A maioria das casas de festa, bares e barzinhos cobram menos pela entrada e consumo de bebidas alcoólicas para mulheres do que para homens. Ou melhor, cobravam: o Ministério da Justiça determinou que os valores diferenciados para clientes segundo o sexo é ilegal e inclusive uma “afronta ao princípio da dignidade da pessoa humana”. Entenda:

Valor mais baixo para mulheres é ilegal

O Departamento de Proteção e Defesa do Consumidor, do Ministério da Justiça e Segurança Pública, determinou que cobrar preços diferentes para homens e mulheres não deve mais ser feito, sob pena de sanções do Código de Defesa do Consumidor, como multas.

Após a publicação de nota sobre a proibição, o secretário nacional do consumidor, Arthur Rollo, se posicionou ao dizer que “a utilização da mulher como estratégia de marketing é ilegal, vai contra os princípios da dignidade da pessoa humana e da isonomia”.
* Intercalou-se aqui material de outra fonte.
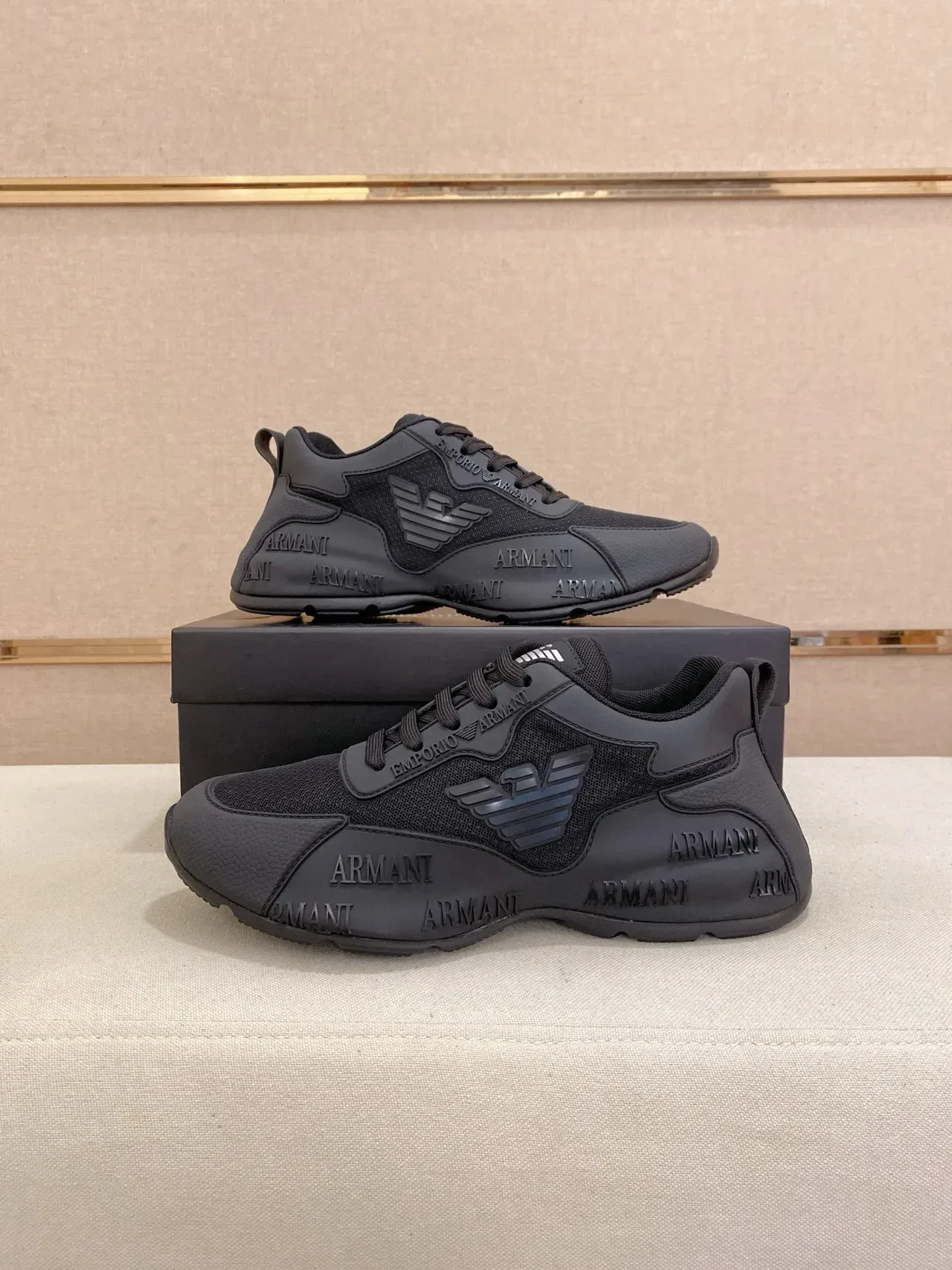 Emporio Armani Sneakers Lifestyle Noir Monochrome avec Branding Embossé 7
Os estabelecimentos têm um mês para começar a cumprir a norma. Após esse período, o cliente pode exigir o mesmo valor cobrado às mulheres e a infração pode ser denunciada a órgãos de defesa do consumidor.

O que está por trás da prática: inferiorização da mulher

Essa diferença na balada entre os sexos visa encher o local de mulheres para atrair mais homens. Essa prática comercial abusiva pode parecer inofensiva, mas inferioriza e objetifica as mulheres ao colocá-las indiretamente como mais um item de consumo.

Oferecer drinks de “cortesia” é outra prática comum que, além de servir de chamariz para mulheres, pode causar mudanças de comportamento e torná-las vulneráveis, principalmente sabendo que o consentimento não é tão respeitado quando deveria.

Ou seja, não pagar a taxa de entrada para uma balada ou ganhar uma bebida alcoólica de graça seriam vantagens se fossem aplicadas a ambos os sexos. No entanto, oferecer tal benefício somente às mulheres é uma forma de usá-las como estratégia de marketing, “compensando” a falta de desconto para eles e praticamente comercializando a presença feminina.